As Skupien tells it, she lost Avery in July 2007. She was drunk, as was her husband, Tony. They fought, and then, inexplicably, Skupien let Tony drive off with her youngest child, 3-year-old Avery. The family lived in Horn Lake, Mississippi, a small town about 30 minutes from Memphis, Tennessee.

“I was stupid,” Skupien said. “I allowed him to take her.”

This story came out of left field.

I was out at the Community Colleges of Spokane interviewing members of an apprenticeship program. Stephanie Skupien was in that program. As we talked she mentioned off-hand, that she’d just been reunited with her daughter after a separation of nine years.

Nine years. I asked her to repeat herself.

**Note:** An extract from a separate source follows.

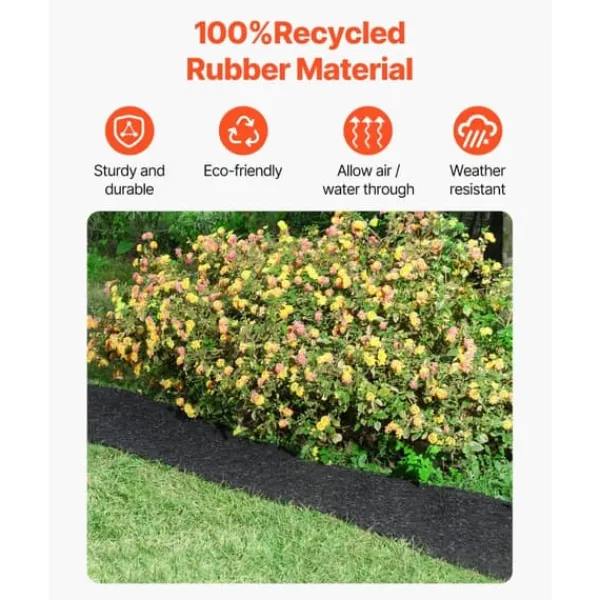 Discount Gummi Mulch Rulle, Landskabspleje 4 ruller, 120 x 4,5-tommers Gummi Mulch Mat Haveduge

That changed the whole course of the interview, and eventually lead to this story. I knew from the very beginning that I wanted to focus only on Stephanie and Avery (her daughter).

Although the larger context of drug addiction, child abuse, etc. is certainly important, sometimes we just need to hear a story, suspended in time and beholden only to itself.

For-profit American Honors program, offered at Community Colleges of Spokane, draws scrutiny

A national for-profit honors program offered at Community Colleges of Spokane has drawn scrutiny for making claims that some parents and higher education officials say don’t live up to promises.

A mother on the west side of the state filed a complaint against American Honors, a for-profit honors college piloted in Spokane. In her complaint she accused the program of misleading students about the price and what it could offer.

After talking to officials in higher education it appeared her claims had some validity. As a side note, several days after the publication of this article American Honors changed language on its website to clarify what they offer and charge.

This story is rather dry, but important, I believe.